Every line below should be copied exactly; drop the pictures.

■ Dataset extract:

- - - - -

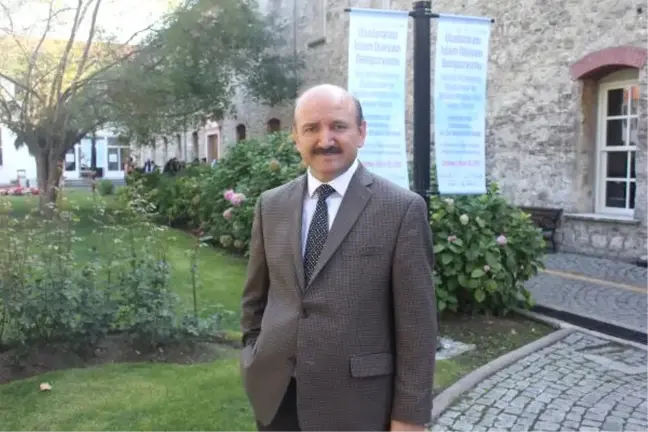 İslam Dünyasının Önemli İsimleri İzü'de Bir Araya Gelecek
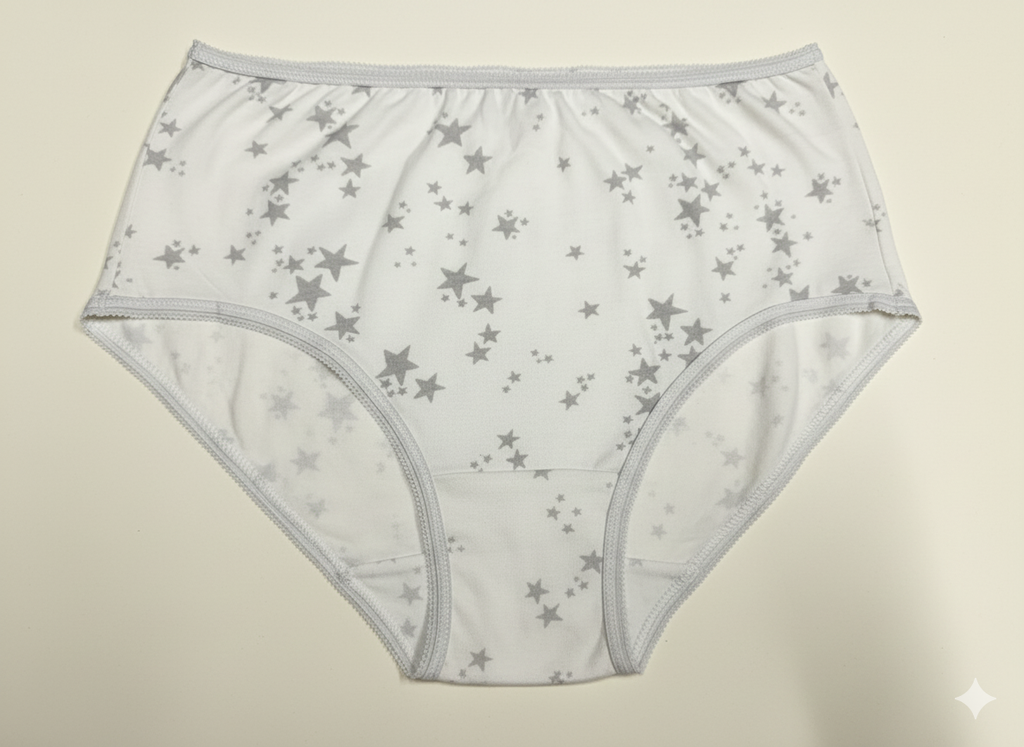 Pack of 3 Cotton Brief for Women – Comfortable Underwear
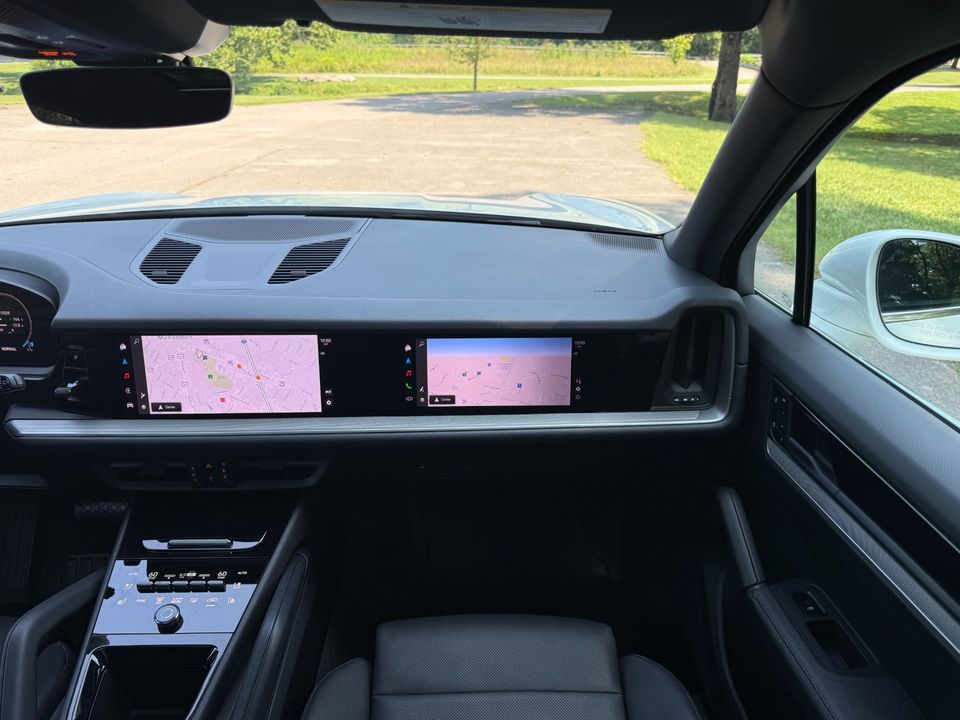 2024 Porsche Cayenne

- - - - -

■ Expected answer:
 İslam Dünyasının Önemli İsimleri İzü'de Bir Araya Gelecek
 Pack of 3 Cotton Brief for Women – Comfortable Underwear
 2024 Porsche Cayenne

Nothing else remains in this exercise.